Fermé jusqu’au mois de janvier 2021, le Metropolitan Opera de New York lance, cet été, une série de retransmissions de récitals en direct, qui se poursuivra jusqu’au 19 décembre. Uniquement accessibles sur le site du Met (www.metopera.org), pour le prix de 20 $ chacun, ces récitals peuvent être regardés sur ordinateur, tablette, smartphone, voire sur votre téléviseur (si vous disposez d’AirPlay ou Chromecast). Si vous les ratez en direct, ils restent à votre disposition pendant douze jours suivant la retransmission.
L’honneur d’inaugurer la série est revenu à Jonas Kaufmann, accompagné par Helmut Deutsch, le samedi 18 juillet. Installés sur une estrade, dressée à l’intérieur d’une salle de l’ancien monastère bénédictin de Polling, dans le sud de la Bavière, ténor et pianiste ont enchaîné 14 extraits d’opéras (12 chantés, 2 instrumentaux), comptant parmi les « tubes » du répertoire français et italien.
Introduit par la soprano Christine Goerke et Peter Gelb, le directeur du Met, s’exprimant depuis un studio au cœur de Manhattan, le programme ne réserve aucune surprise. Tous ces airs figurent au programme des différents récitals discographiques de Jonas Kaufmann (Romantic Arias et Verismo Arias chez Decca, Nessun dorma et L’Opéra chez Sony Classical) et le ténor allemand a l’habitude de les interpréter en concert aux quatre coins du monde.

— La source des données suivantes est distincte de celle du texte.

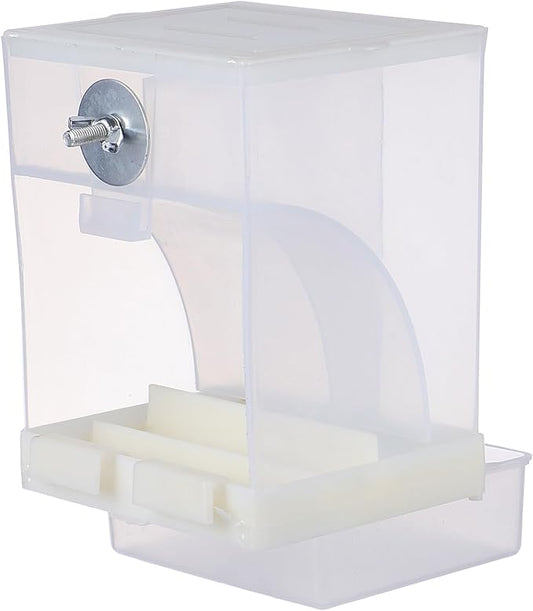 HANABASS Automatic Hanging Bird Feeder with Anti-Spill Feeding Tray Acrylic Seed Feeder for Outdoor Garden Birds and Parrots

Flattée par la très belle acoustique de la salle, la voix sonne en bonne forme, plus sombre que jamais, avec ce timbre immédiatement reconnaissable et cette urgence dans l’accent absolument uniques. Quant au charisme de l’acteur, même dans le cadre d’un récital, il s’impose à chaque instant, admirablement mis en valeur par les gros plans de Gary Halvorson.
Une réserve, quand même : Jonas Kaufmann a tendance à tout chanter de la même manière, en alternant aigus exaspérés et détimbrages parfois aux limites du scabreux. Federico de L’Arlesiana (« È la solita storia »), Don José dans Carmen (« La fleur que tu m’avais jetée »), Maurizio dans Adriana Lecouvreur (« L’anima ho stanca »), voire Mario Cavaradossi au dernier acte de Tosca (« E lucevan le stelle ») tirent le meilleur parti de ce chant constamment sous tension, de ces accents angoissés, de ces plongées dans les affres du désespoir. Les émerveillements du Roméo de Gounod (« Ah ! lève-toi, soleil »), Enzo de La Gioconda (« Cielo e mar ») et Vasco de Gama dans L’Africaine (« Ô paradis ») perdent, en revanche, l’essentiel de leur fraîcheur.
Entre les groupes d’airs, et pour permettre au chanteur de se reposer, le Met introduit quatre électrisants extraits de représentations filmées : La fanciulla del West, Werther et Die Walküre à New York, Pagliacci à Salzbourg.
Prochain rendez-vous le samedi 1er août, avec Renée Fleming, en direct du Dumbarton Oaks Museum de Washington.